Link to dev list discussion
Community members currently involved in this work - Jake Lee (https://github.com/stu1130), Zhi Zhang (https://github.com/zhreshold), Naveen (https://github.com/nswamy) Karan (https://github.com/karan6181), Sina (https://github.com/safrooze)
Data pre-processing and post-processing are commonly used when training a deep learning model. Technically these data processing is called data transformations. Generally, Data Transformation are applied on train, val, and test dataset. In most cases, data transformations used on validation data during training phase, is applicable in the inference phase. However, MXNet models do not contain information about data transformations, creating a disconnect and barrier for easy movement of models from training to production inference deployment.

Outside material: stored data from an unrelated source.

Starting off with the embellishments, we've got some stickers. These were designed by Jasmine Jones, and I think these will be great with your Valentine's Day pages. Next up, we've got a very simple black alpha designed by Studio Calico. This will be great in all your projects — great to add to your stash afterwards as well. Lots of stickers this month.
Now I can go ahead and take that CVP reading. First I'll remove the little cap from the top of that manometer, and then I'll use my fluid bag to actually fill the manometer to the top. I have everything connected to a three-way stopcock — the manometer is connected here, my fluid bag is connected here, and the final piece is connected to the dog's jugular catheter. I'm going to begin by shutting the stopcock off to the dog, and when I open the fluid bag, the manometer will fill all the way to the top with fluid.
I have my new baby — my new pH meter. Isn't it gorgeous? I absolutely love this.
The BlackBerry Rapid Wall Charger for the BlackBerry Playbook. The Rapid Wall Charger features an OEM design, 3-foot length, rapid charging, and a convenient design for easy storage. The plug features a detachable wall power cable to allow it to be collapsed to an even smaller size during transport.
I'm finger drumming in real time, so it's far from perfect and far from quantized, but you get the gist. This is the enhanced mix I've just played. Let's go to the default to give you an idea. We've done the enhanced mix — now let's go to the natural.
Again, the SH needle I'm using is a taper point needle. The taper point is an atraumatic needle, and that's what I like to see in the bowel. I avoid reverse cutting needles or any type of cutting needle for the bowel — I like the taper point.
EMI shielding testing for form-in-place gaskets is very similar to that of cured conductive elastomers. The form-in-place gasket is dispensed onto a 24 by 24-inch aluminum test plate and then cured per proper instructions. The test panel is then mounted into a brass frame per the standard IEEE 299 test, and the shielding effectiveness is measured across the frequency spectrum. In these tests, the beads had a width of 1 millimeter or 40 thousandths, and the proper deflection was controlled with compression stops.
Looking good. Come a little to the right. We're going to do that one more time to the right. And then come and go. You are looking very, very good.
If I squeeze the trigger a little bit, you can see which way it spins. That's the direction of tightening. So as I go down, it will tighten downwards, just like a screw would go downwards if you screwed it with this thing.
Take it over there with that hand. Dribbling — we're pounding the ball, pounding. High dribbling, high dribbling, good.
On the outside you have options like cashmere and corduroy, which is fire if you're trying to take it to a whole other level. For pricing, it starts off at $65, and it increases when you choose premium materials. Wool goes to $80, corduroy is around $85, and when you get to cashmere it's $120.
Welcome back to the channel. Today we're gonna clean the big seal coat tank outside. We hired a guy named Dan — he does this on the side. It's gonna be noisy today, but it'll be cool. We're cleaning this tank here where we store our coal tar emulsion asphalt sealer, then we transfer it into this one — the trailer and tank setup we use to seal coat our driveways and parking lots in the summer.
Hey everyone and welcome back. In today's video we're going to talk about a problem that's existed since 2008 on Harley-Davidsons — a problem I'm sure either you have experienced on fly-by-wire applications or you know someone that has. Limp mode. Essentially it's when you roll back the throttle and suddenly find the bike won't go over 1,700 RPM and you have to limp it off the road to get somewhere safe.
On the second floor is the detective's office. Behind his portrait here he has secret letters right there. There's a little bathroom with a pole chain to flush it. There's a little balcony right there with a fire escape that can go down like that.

Below are the problems we are aiming to solve in this work:
- Input/Output data transformations are not part of MXNet model
- Input/Output data transformations are currently support CPU only
- Few Input/Output data transformations are Python specific
- Not all data transformers are Hybrid Blocks in Gluon, hence, cannot be exported as symbol graph
- Input/Output data transformations takes single input only (Ex: Normalize takes 3D tensor - 1 image only as input)
Other notable problems for production model deployment are listed below. However, these problems are not addressed in this work and will be taken up in the next iteration:
- Input/Output signature: Saved model missing the information about the input/output descriptions, like name/shape, making the saved model unusable out of the box.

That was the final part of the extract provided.